Cozzuto e Ciambriello hanno poi concordato sull’istituzione di un tavolo tecnico, al quale parteciperanno anche i professionisti del settore, per fare il punto sullo stato dell’arte in Campania e per condividere le proposte da portare avanti.
Se volessimo analizzare in generale questo fenomeno, al di fuori delle mura carcerarie, potremmo notare come, andare dallo psicologo o da uno psicoterapeuta è spesso una decisione presa con diffidenza, quasi con vergogna. E’ purtroppo ancora radicato nella nostra cultura un pregiudizio che considera la persona che soffre a livello psicologico come una persona inadeguata.
Troppo spesso si sottovalutano segnali evidenti oppure si preferisce desistere per il timore di condividere emozioni o per la paura di essere giudicati.

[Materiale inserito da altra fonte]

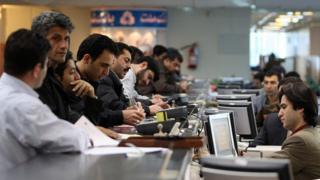 Customers at Bank Mellat in Tehran on 10 December 2007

La persona che chiede un primo colloquio in un qualsiasi contesto, compreso il carcere, si presenta al suo interlocutore come “colui che ha problemi mentre l ‘altro (psicologo, psichiatra, terapeuta) è colui che deve risolverli”. Diverso è invece il luogo in cui questo incontro avviene. Infatti se la consultazione psicologica “sia che avvenga in ambito pubblico che privato, si svolge sempre in un luogo connotato come terapeutico”, in carcere le sedute hanno luogo in uno spazio privo di una funzione predefinita.

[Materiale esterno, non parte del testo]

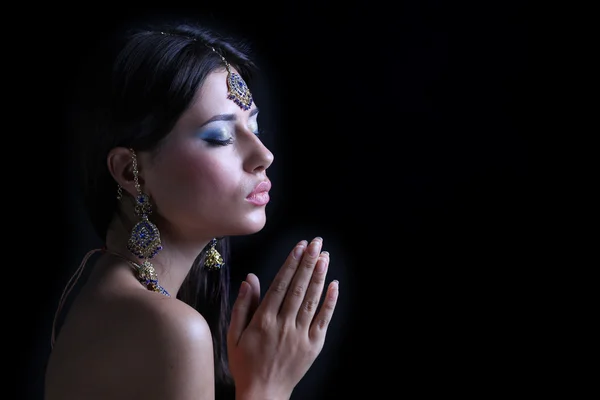 Молодая женщина молится — стоковое фото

In genere i colloqui si svolgono in una stanza, situata in un’area prospiciente alle celle, adibita a vari usi. Quindi in uno spazio che non può nemmeno definirsi neutro. Poiché la porta, per ragioni di sicurezza, deve rimanere aperta non c’è una delimitazione spaziale completa e protetta da incursioni esterne. Si verifica quindi una condizione di privacy relativa consumata in uno spazio-tempo che il terapeuta non può presidiare in toto. Tuttavia questi elementi, se all’inizio sono di disturbo, col tempo finiscono col favorire l’intimità dell’incontro proprio in virtù dei reciproci sforzi (del paziente e del terapeuta) tesi ad escludere percettivamente gli stimoli estranei al contatto duale. La porta aperta, in fondo, ha una sua funzione simbolica precisa e coerente: sembra segnalare che non c’è soluzione di continuità tra il setting (la coppia psicologo-detenuto) e l’esterno (il terzo).
Dopo l’incontro con il presidente dell’Ordine degli Psicologi della Campania, il Garante Ciambriello ha lasciato le seguenti dichiarazioni: “Ritengo che le figure sociali, psicologi, psichiatri, educatori, volontari siano figure fondamentali all’interno delle carceri. Una persona che entra già la prima volta all’interno di un carcere per essere ri-educato è una persona con un problema. Se pensiamo per di più ad un tossicodipendente penso sia una persona con un problema in più da risolvere. E queste figure, sono necessarie per permettere l’inclusione e l’integrazione di queste. “-Ciambriello ha così concluso- “Ricordiamoci che sono delle persone che hanno sbagliato chiaramente ma ciò non vuol dire che devono essere abbandonati a se stessi.”